此代码假定当前已登录的用户可以使用默认的 AzureCredential。 或者,可以使用 MSAL Python 库 来获取令牌。
from pyiceberg.catalog import load_catalog
from azure.identity import DefaultAzureCredential
# Iceberg base URL at the OneLake table API endpoint
table_api_url = "https://onelake.table.fabric.microsoft.com/iceberg"
# Entra ID token
credential = DefaultAzureCredential()
token = credential.get_token("https://storage.azure.com/.default").token
# Client configuration options
fabric_workspace_id = "12345678-abcd-4fbd-9e50-3937d8eb1915"
fabric_data_item_id = "98765432-dcba-4209-8ac2-0821c7f8bd91"
warehouse = f"{fabric_workspace_id}/{fabric_data_item_id}"
account_name = "onelake"
account_host = f"{account_name}.blob.fabric.microsoft.com"
# Configure the catalog object for a specific data item
catalog = load_catalog("onelake_catalog", **{
"uri": table_api_url,
"token": token,
"warehouse": warehouse,
"adls.account-name": account_name,
"adls.account-host": account_host,
"adls.credential": credential,
})
# List schemas and tables within a data item
schemas = catalog.list_namespaces()
print(schemas)
for schema in schemas:
tables = catalog.list_tables(schema)
print(tables)
Snowflake
使用以下示例代码在 Snowflake 中创建新的 目录链接数据库 。 此数据库将自动包含连接的 Fabric 数据项中找到的任何架构和表。 这涉及到创建 目录集成、 外部卷和 数据库。
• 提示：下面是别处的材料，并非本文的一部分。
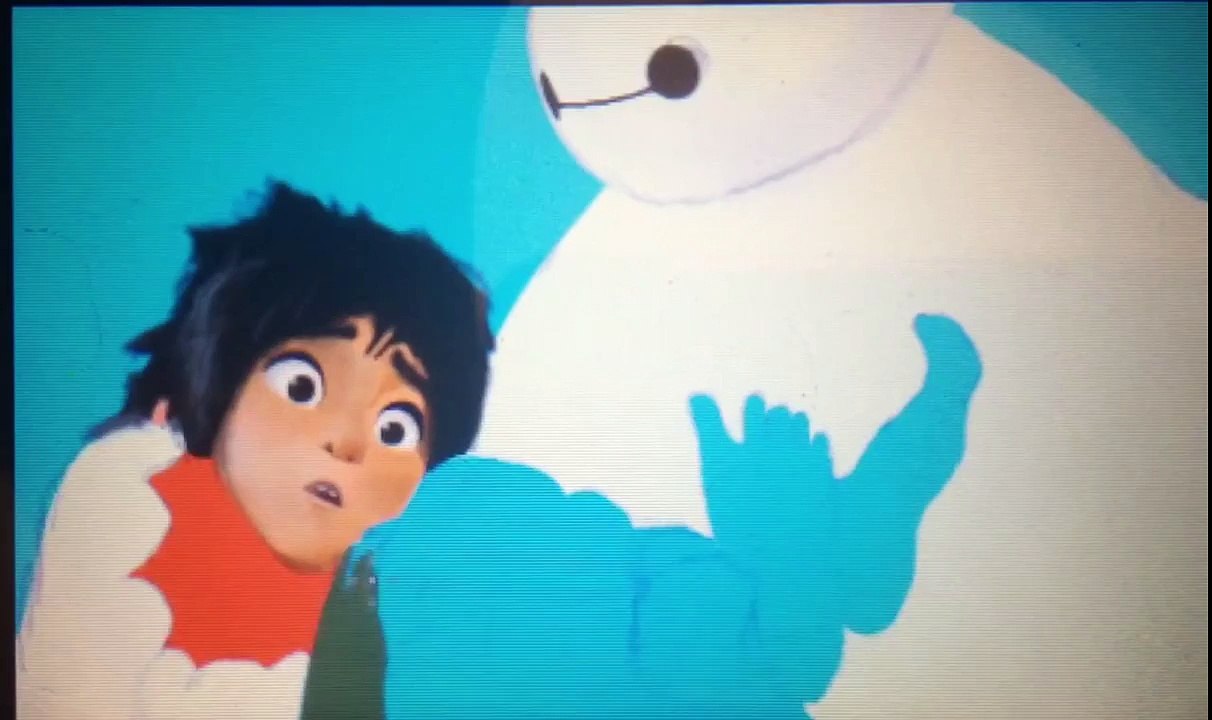 How to paint: Hiro and Baymax on 3DS!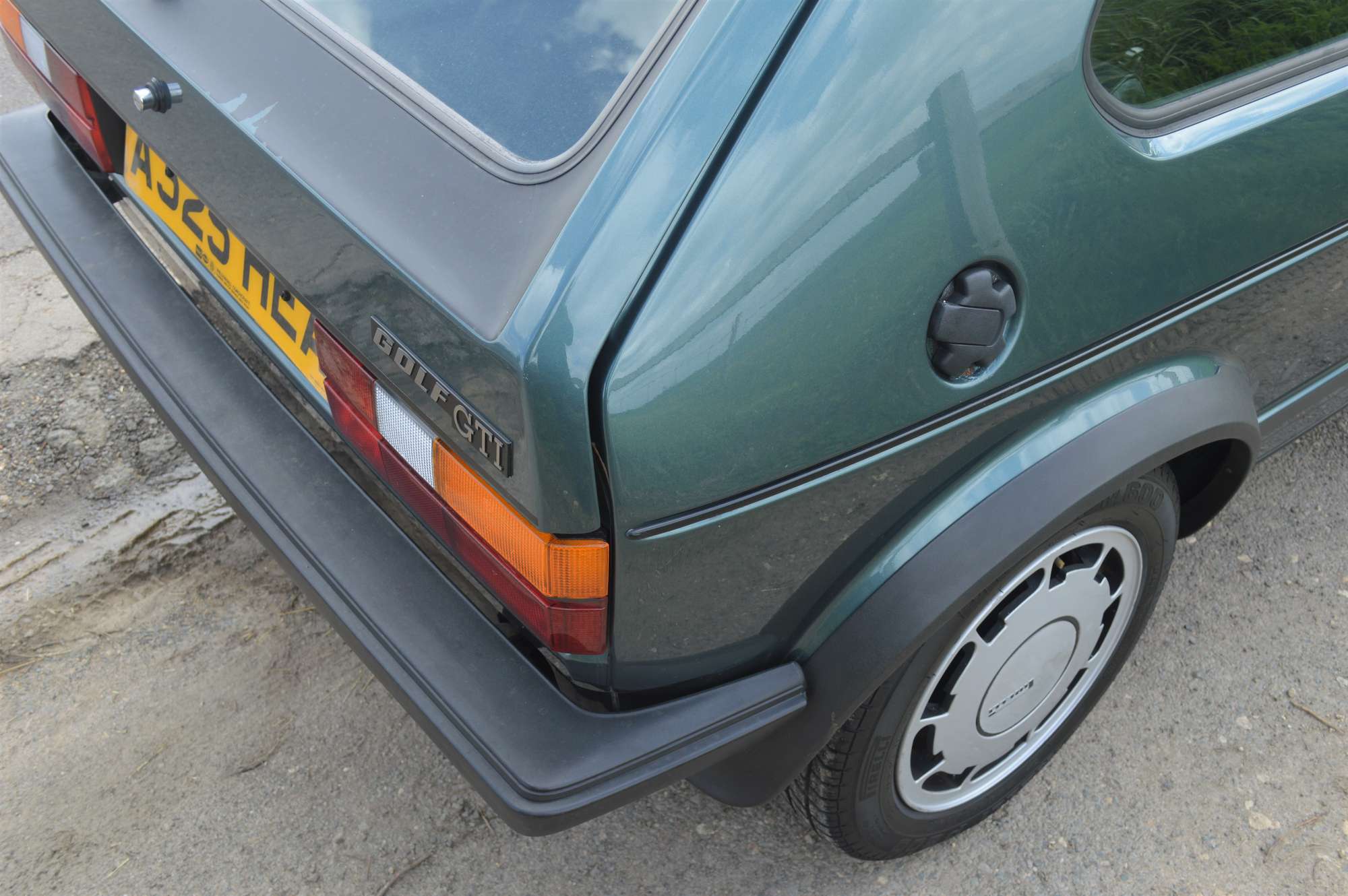 1983 Volkswagen Golf GTi Mk 1 Campaign-Sold
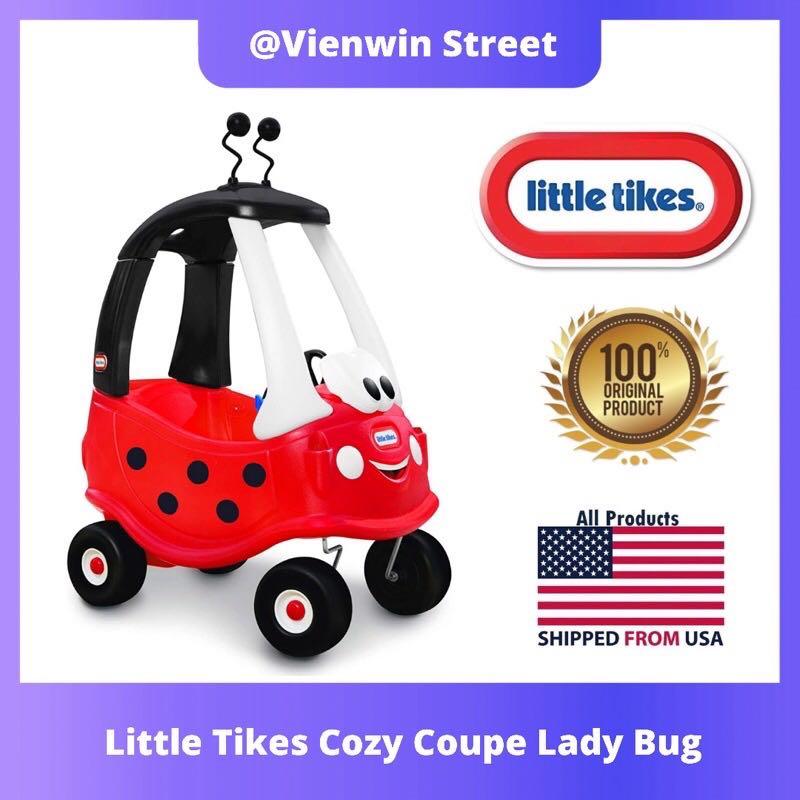 Little tikes shop bug ride on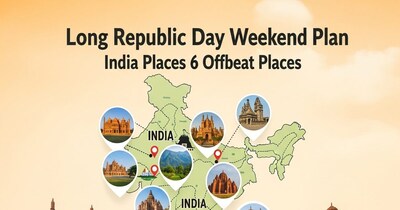 Republic Day 2026 Weekend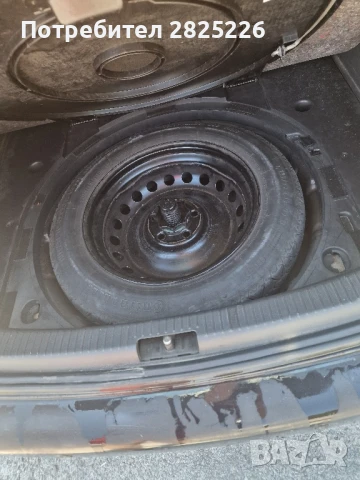 VW TOURAN 1.9 105 , снимка 13 - Автомобили и джипове - 49910985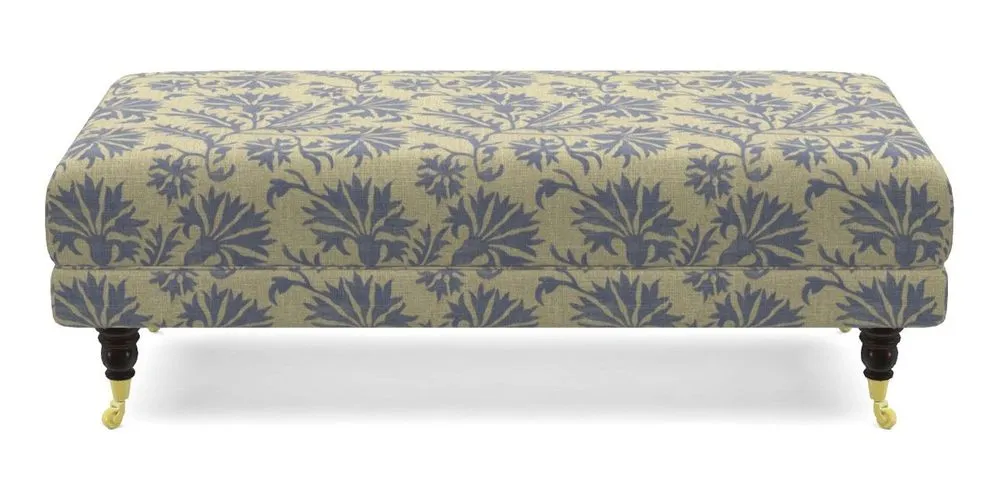 Bespoke Large Footstools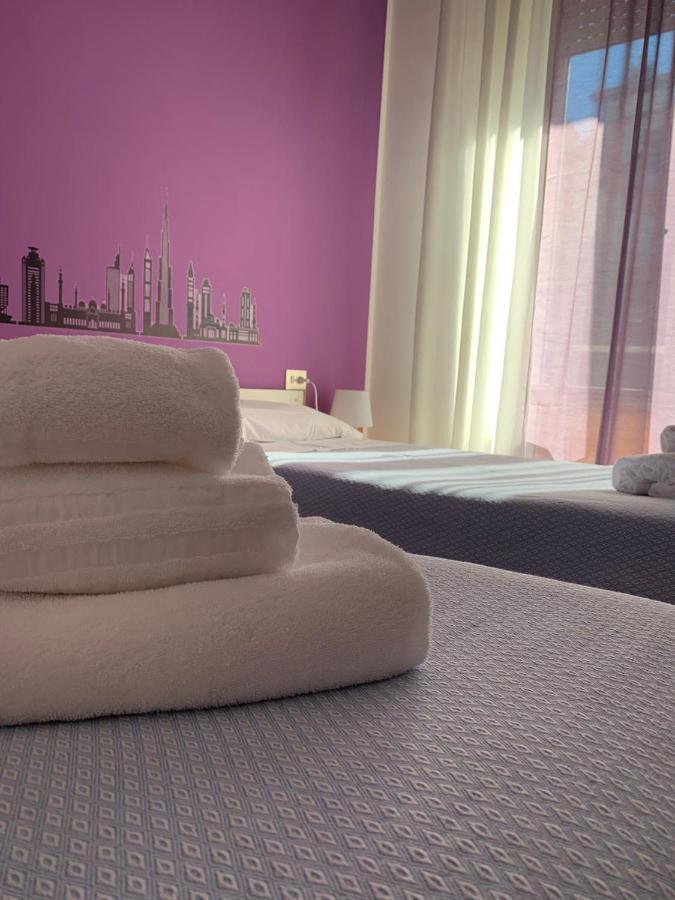 Amica Otel Salsomaggiore Terme Dış mekan fotoğraf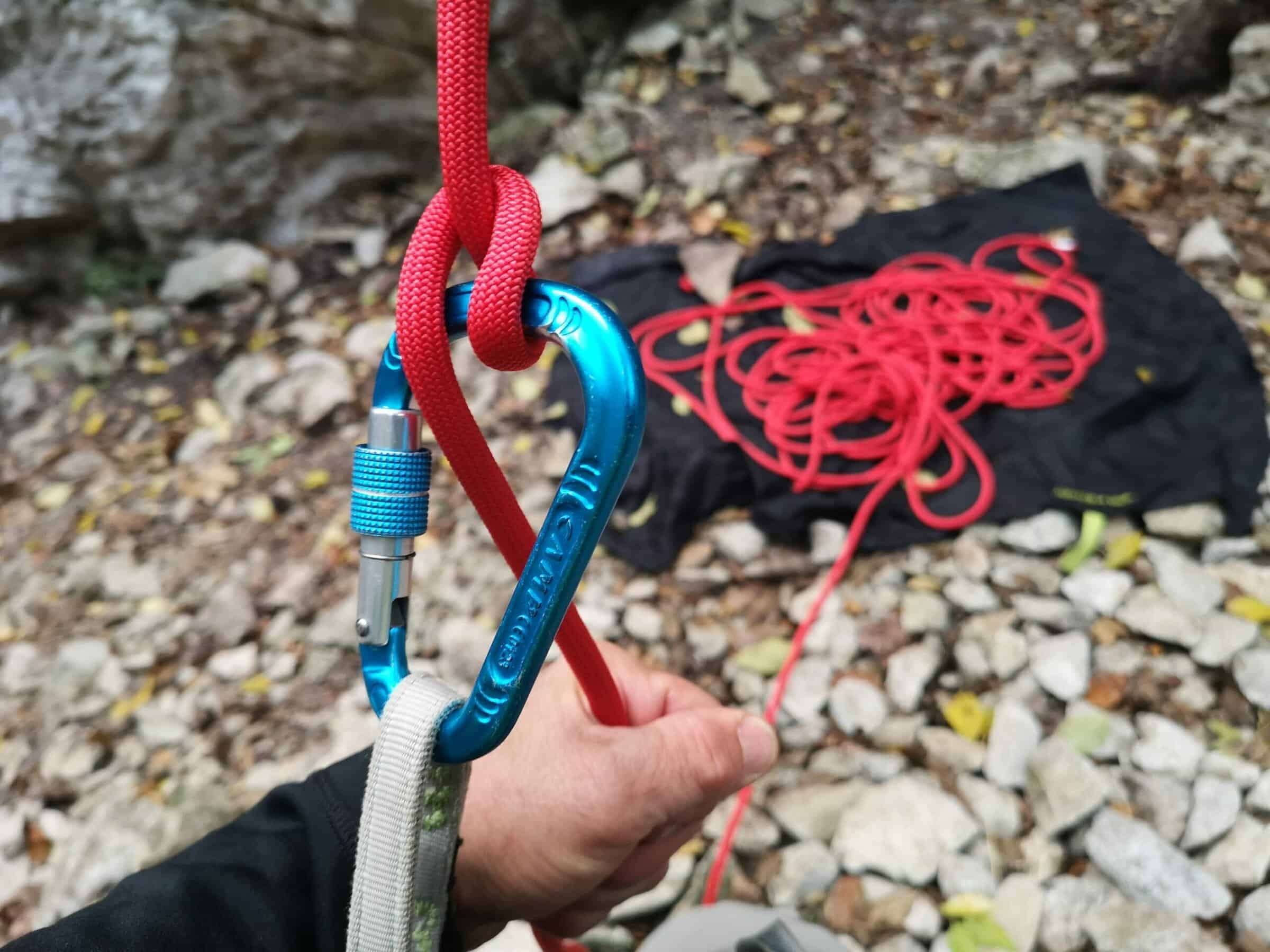 Corda Maxim Equinox elite 9,7 mm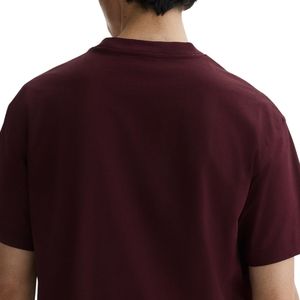 เสื้อยืดเจอร์ซีย์พรีเมียมทรงหลวมสำหรับผู้ชาย เนื้อผ้านุ่ม ระบายอากาศดี สวมใส่สบาย พร้อมบริการสกรีนโลโก้ตามสั่ง รับผลิตแบบ OEM ODM จำนวนมาก - Product Image 4
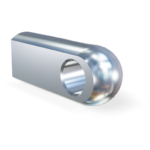 M8 Occhio 27mm (spessore 10mm, foro 8.1mm)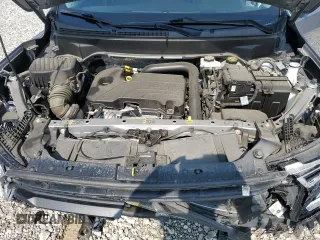 2023 GMC Terrain SLE z VIN 3GKALTEG7PL225892, wystawiony jako Copart lot #62226825 z przebiegiem 24 635 mil mil oraz Szkoda całkowita • Salvage title. Historia ofert i sprzedaży dostępna na DreamBid. Obrazek 13.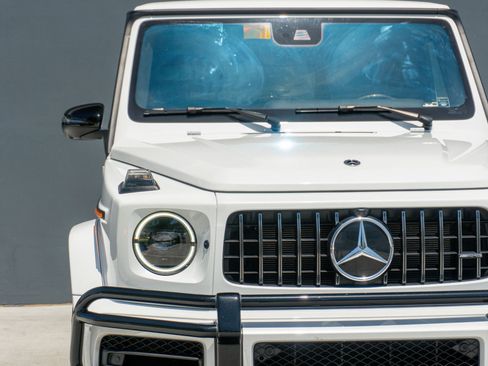 Used 2024 Mercedes-Benz G 63 AMG 4MATIC image 28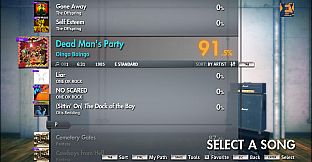 Rocksmith 2014 – Oingo Boingo - “Dead Man’s Party”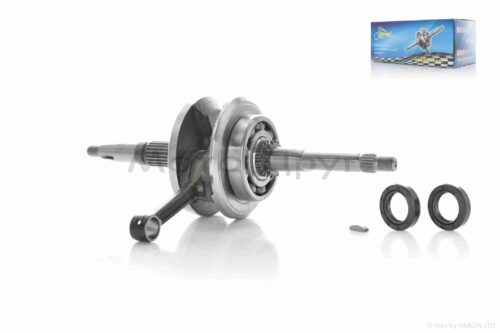 Коленвал  Kymco ARN125/150  (153QMI, 158QMJ)  #PRO  "LIPAI"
-- Create catalog integration object
CREATE OR REPLACE CATALOG INTEGRATION IRC_CATINT
CATALOG_SOURCE = ICEBERG_REST
TABLE_FORMAT = ICEBERG
REST_CONFIG = (
CATALOG_URI = 'https://onelake.table.fabric.microsoft.com/iceberg' -- Iceberg base URL at the OneLake table endpoint
CATALOG_NAME = '12345678-abcd-4fbd-9e50-3937d8eb1915/98765432-dcba-4209-8ac2-0821c7f8bd91' -- Fabric data item scope, in the form `workspaceID/dataItemID`
)
REST_AUTHENTICATION = (
TYPE = OAUTH -- Entra auth
OAUTH_TOKEN_URI = 'https://login.microsoftonline.com/11122233-1122-4138-8485-a47dc5d60435/oauth2/v2.0/token' -- Entra tenant ID
OAUTH_CLIENT_ID = '44332211-aabb-4d12-aef5-de09732c24b1' -- Entra application client ID
OAUTH_CLIENT_SECRET = '[secret]' -- Entra application client secret value
OAUTH_ALLOWED_SCOPES = ('https://storage.azure.com/.default') -- Storage token audience
)
ENABLED = TRUE
;
-- Create external volume object
CREATE OR REPLACE EXTERNAL VOLUME IRC_EXVOL
STORAGE_LOCATIONS =
(
(
NAME = 'IRC_EXVOL'
STORAGE_PROVIDER = 'AZURE'
STORAGE_BASE_URL = 'azure://onelake.dfs.fabric.microsoft.com/12345678-abcd-4fbd-9e50-3937d8eb1915/98765432-dcba-4209-8ac2-0821c7f8bd91'
AZURE_TENANT_ID='11122233-1122-4138-8485-a47dc5d60435' -- Entra tenant id
)
)
ALLOW_WRITES = FALSE;
;
-- Describe the external volume
DESC EXTERNAL VOLUME IRC_EXVOL;
DESC EXTERNAL VOLUME的响应将返回有关外部卷的元数据,包括:
-
AZURE_CONSENT_URL,这是你租户尚未完成的权限请求页面,如果尚未完成,您需要按照页面上的步骤进行操作。 -
AZURE_MULTI_TENANT_APP_NAME,它是需要访问数据项的 Snowflake 客户端应用程序的名称。 确保授予它对数据项的访问权限,以便 Snowflake 能够读取表内容。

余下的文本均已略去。